- Original film poster
- Directed by: José Mojica Marins Luís Sérgio Person Ozualdo Candeias
- Written by: Ozualdo Candeias José Mojica Marins Rubens Francisco Luchetti Luís Sérgio Person
- Produced by: Renato Grechi Antonio Polo Galante
- Cinematography: Giorgio Attili Oswaldo de Oliveira Peter Overbeck
- Edited by: Sylvio Reinoldi
- Music by: Damiano Cozzella Rogério Duprat
- Production companies: P.N.F Produções Galasy Companhia Cinematográfica Franco-Brasileira
- Distributed by: Produções Cinematográficas Zé do Caixão
- Release date: 22 April 1968;
- Running time: 115 minutes
- Country: Brazil
- Language: Portuguese

= Trilogy of Terror (1968 film) =

1968 film by José Mojica Marins

Trilogy of Terror (Trilogia de Terror) is a 1968 Brazilian anthology horror film directed by José Mojica Marins, Luís Sérgio Person and Ozualdo Candeias. The film consists of three stories adapted from the TV series Além, Muito Além do Além (Beyond, Much Beyond the Beyond): O Acordo (The Agreement), A Procissão dos Mortos (Procession of Dead), and Pesadelo Macabro (Macabre Nightmare).

==Plot==

- The Agreement (O Acordo)
A mother becomes involved with black magic and offers a virgin woman to the devil in exchange for curing the illness of her only son. (40 minutes)

Cast: Lucy Rangel, Regina Célia, Durvalino de Souza, Luis Humberto, Alex Ronay, Henrique Borgens, Ugarte, Nádia Tell, Éddio Smani, Eucaris de Morais.

- Procession of Dead (A Procissão dos Mortos)
A poor laborer is the only man in one village with courage to face a group of guerrilheiros ("guerrilla ghosts") that haunt the minds of the local villagers. (28 minutes)

Cast: Lima Duarte, Cassilda Lanuza, Waldir Guedes, Carlos Alberto Romano, Roberto Ferreira (Zé Coió), Lenoir Bittencourt, Pontes Santos, Wilson Júnior, Francisco Ribeiro.

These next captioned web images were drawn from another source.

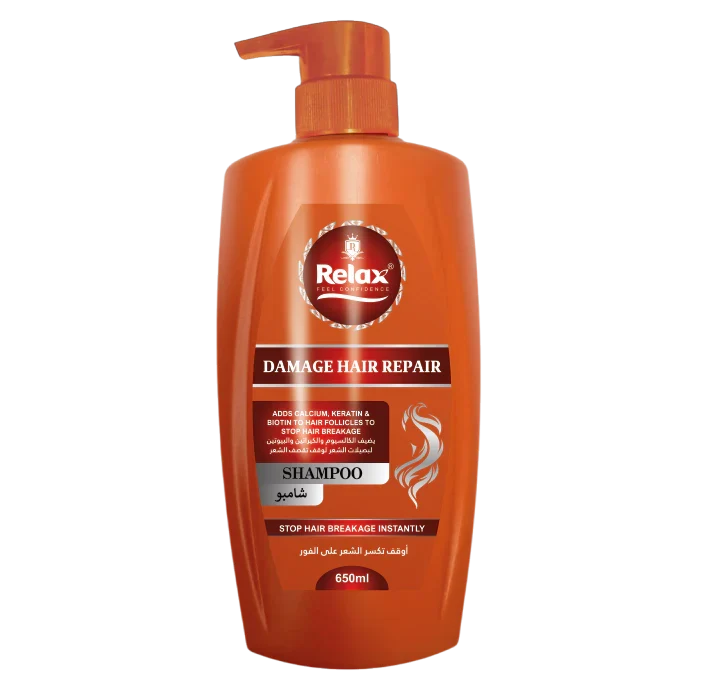 Relax Damage Hair Repair Shampoo - 650ml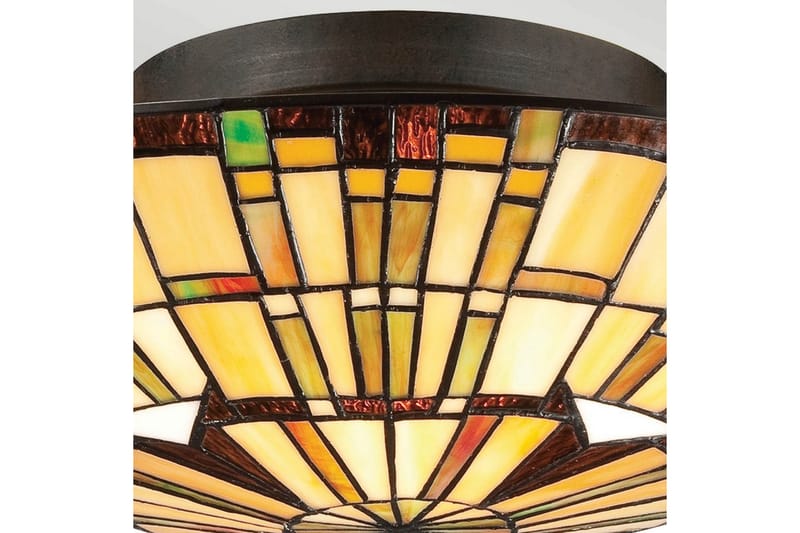 Reed Quoizel Taklampa - Bronze - Belysning - Lampor & belysning inomhus - Taklampa & takbelysning - Takplafond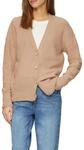 s.Oliver Strickjacke aus Baumwoll-Boucl&eacute;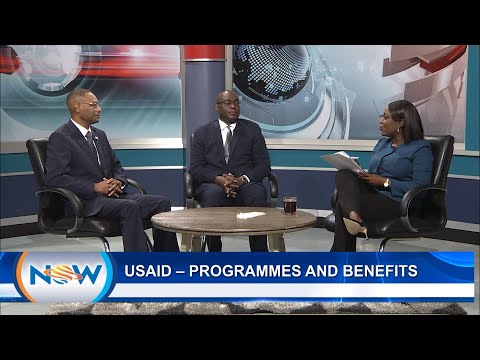 USAID Programmes And Benefits - Shante Moore & Clinton White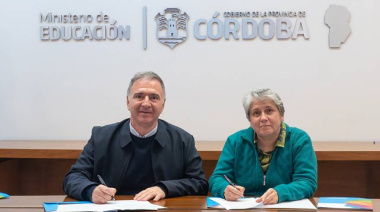 Las provincias de Buenos Aires y Córdoba firmaron un convenio de cooperación educativa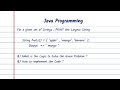 Print the Largest String in Java – Step-by-Step Guide for Beginners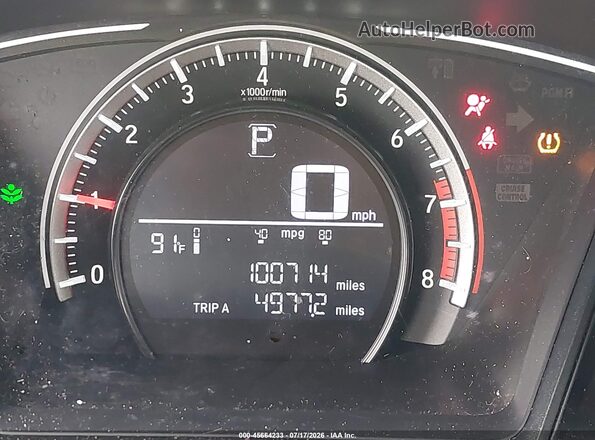 2HGFC2F5XJH538669 2018 HONDA CIVIC Black 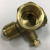 Клапан обратный для компрессора, 1/2" нар. х 1/2" внутр. х 1/8" внутр. (двухцилиндровый)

- Macabre Nightmare (Pesadelo Macabro)
A young man named Claudio (Mário Lima) is afflicted by fear of reptiles and spiders and the fear of being buried alive. When he undergoes a shocking event, he becomes unresponsive and is mistakenly buried, only to revive in the coffin after burial. His screams of terror from underground go unheard by the villagers (31 minutes)

Cast: Mário Lima, Vany Miller, Nelson Gasparini, Ingrid Holt, Walter C. Portella, Kátia Dumont, Francis Mary, Milene Drumont, Sebastião Grandin, Paula Ramos.